Lethal Weapon (1987), much like Die Hard (1988), is a Christmas movie! An unorthodox Christmas movie, for sure; but Christmas in many forms is present. It’s not incidental to the story; it impacts a fair amount of the world within. In time for the 35th anniversary of Lethal Weapon, let’s explore how Christmas circulates within the film and sets much into motion!
I know, I know, “we’ve heard this before with Die Hard“… But just because either movie isn’t light-hearted fare with snow all around does not equal “you can’t call it a Christmas movie just ’cause someone says ‘Christmas’ once” as a legit point of argument.
First, consider the following statement from the movie’s script writer Shane Black — who often set his movies at Christmas-time. In a piece written by Den of Geek, Black says: “At Christmas, lonely people are lonelier, seeing friends and families go by. People take reckoning, [they take] stock of where their lives are at Christmas.”
This idea of Christmas highlighting these very things becomes all-too-obvious when we meet Martin Riggs (Mel Gibson).
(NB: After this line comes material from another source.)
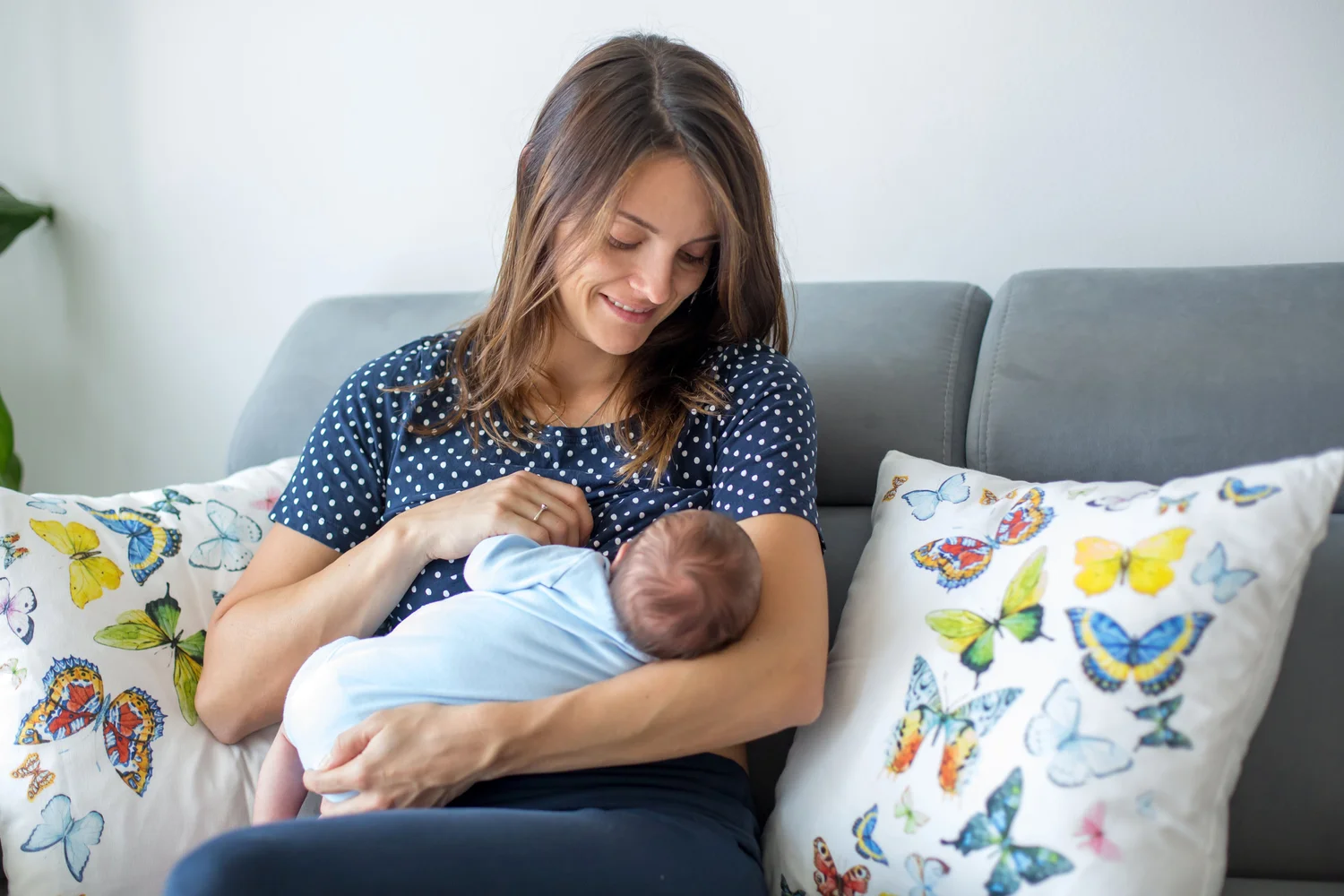 A lactation consultant sitting beside a parent on a couch during a calm home visit, observing a newborn feeding and offering supportive guidance, realistic photography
Riggs is a police sergeant who, after the death of his wife a few years prior, lives a very lonely life. He suffers daily, slipping into fits of rage or deep depression to the point of attempted suicides. He feels life is miserable but can’t seem to make it change for the better or just plain cap it off for himself.
When fellow sergeant Roger Murtaugh (Danny Glover) enters his life once they’ve been partnered, Riggs gets a glimpse into something better. Riggs gets to know Murtaugh and the latter man’s family; seeing them happily interacting. Christmas highlights Riggs’ loneliness, but also inspires him to see and appreciate what his partner has. By the end of the movie, Riggs becomes a sort of member of the Murtaugh family in time for Christmas dinner.
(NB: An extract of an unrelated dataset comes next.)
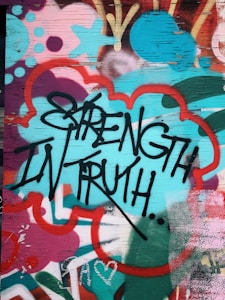 Graffiti art featuring bold black lettering of the words 'Strength in Truth' against a vibrant, multicolored background. The background includes abstract shapes and patterns in shades of teal, red, pink, and orange, creating a dynamic and energetic visual effect. The surface appears to be a wooden panel with visible grain.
From there, the fare is very action/comedy buddy-buddy cop stuff. Riggs and Murtaugh uncover an ex military general’s plot to bring in heroin and set out to take him down; especially when the man has Murtaugh’s daughter kidnapped. Riggs proves his toughness in a one-on-one brawl with a mercenary who feels no pain. Murtaugh laments his getting too old for this stuff. And all is wrapped up in a neat little bow by the end.
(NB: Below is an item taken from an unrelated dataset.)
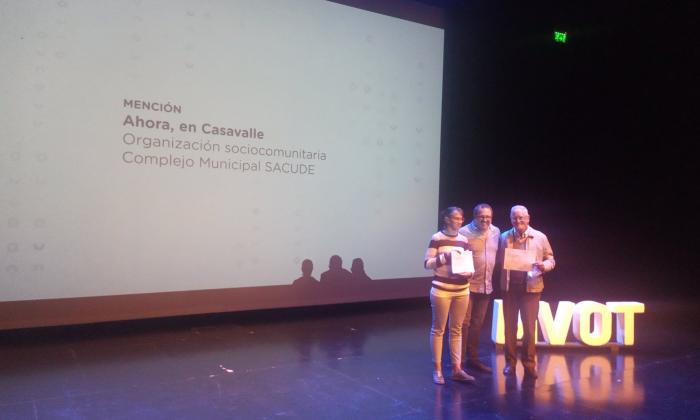 Tres personas posan con diplomas en la entrega del premio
Yet there is more to this seemingly simple action flick which makes it a Christmas movie.
As perfectly stated by writer Erin Keane in her piece for Salon indicating that Lethal Weapon is indeed such a movie: “the power of the Christmas story lies in its message of hope for renewal, which conveniently coincides in the Northern Hemisphere with the darkest days of the year.”
Keane also states, and I happen to agree, that another Christmas movie features a suicidal character and didn’t start out as a traditional Christmas movie: The character, George Bailey… The movie, It’s a Wonderful Life (1946)! And yet ultimately it tells a tale of one man’s renewal during Christmas-time and has been hailed as a Christmas classic since it began running yearly on TV.
Or for that matter, consider the old classic tale of one man who carries a hardened heart being renewed by the spirit of Christmas in its many loving and giving forms just in time to celebrate… I’m speaking of course of Ebeneezer Scrooge in “A Christmas Carol”!
While Riggs will always have the characteristics of a grizzled tough guy his world is made warmer and alive again. This is thanks to his involvement with, and essentially welcome into, Murtaugh’s family.
Still not convinced? Well then consider the fact that traditional Christmas elements are littered throughout Lethal Weapon!
We’ve got a Santa Claus on the street during the jumper scene, Christmas trees here and there (let alone a whole scene which occurs in a tree lot), traditional decorations like lights and ornaments and wreaths, eggnog beside Murtaugh’s old friend Michael Hunsaker when the latter is killed, presents under the tree at Murtaugh’s house, Riggs watching a Looney Tunes parody of “A Christmas Carol” as he contemplates suicide, and caroling at the police station. Shoot, even the opening and ending of Lethal Weapon are done with Christmas songs!
Fight it all you like, but there are many out there who consider Lethal Weapon to be worthy of inclusion as a Christmas movie tale. While not traditional light-hearted stuff, it brings the same feeling of renewal after suffering some dismal grey that is highlighted at the holiday season. Watch Lethal Weapon again and consider the evidence!